Karena Shine sudah tidak memiliki keluarga, jadi Dara yang menjadi walinya. Bagaimana pun Shine dan anggota GOD sudah di anggap saudara oleh istrinya itu.
"Jangan sampe bentrok sama hari H gue, masa iya nanti lu belah diri buat hadirin pestanya yang gue yakin perta mereka di kota S" ucap Rafael
"Kayanya duluan Shine dan Bara, mereka kemungkinan nikah awal bulan" ucap Kai
"Syukurlah... Gue di tanggal tengah" ucap Rafael lega.
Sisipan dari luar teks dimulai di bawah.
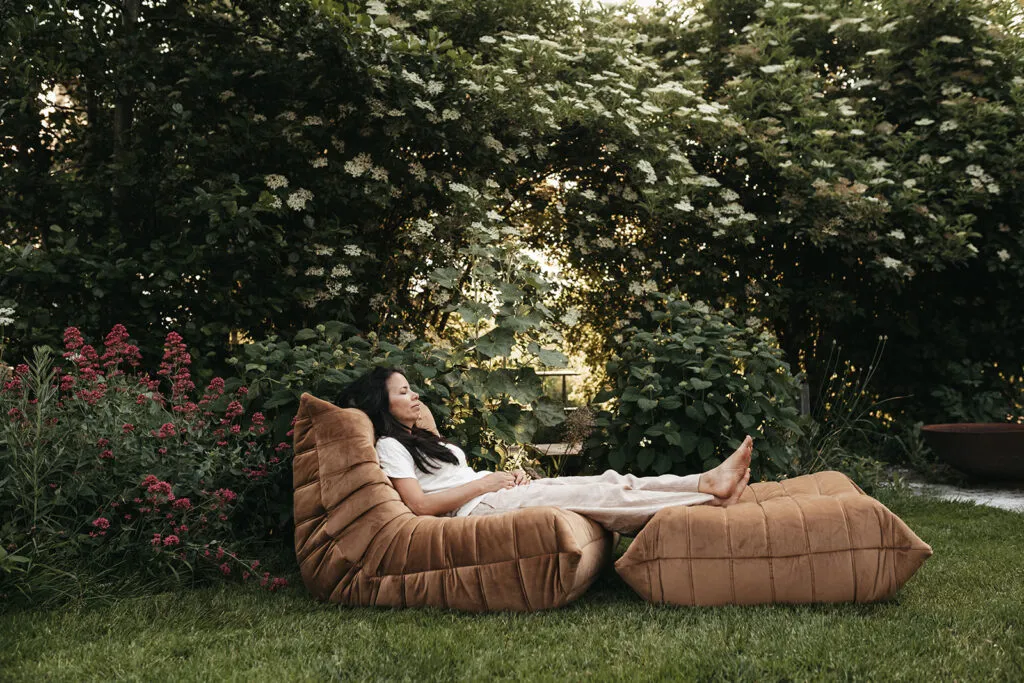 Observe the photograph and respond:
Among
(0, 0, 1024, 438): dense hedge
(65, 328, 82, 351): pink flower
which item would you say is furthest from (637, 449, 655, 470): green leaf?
(65, 328, 82, 351): pink flower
"Kai, emang ipar kamu yang lain udah kasih izin buat di langkahi?" tanya Nathan
"Mau gimana lagi" ucap Kai mengangkat kedua bahunya.
Memang benar, beberapa waktu lalu terjadi perdebatan antara Bara dan kedua kakaknya. Bagaimana pun mereka tidak ingin di langkahi, namun yang satu tidak punya kekasih yang satu lagi pacarnya belum siap menikah.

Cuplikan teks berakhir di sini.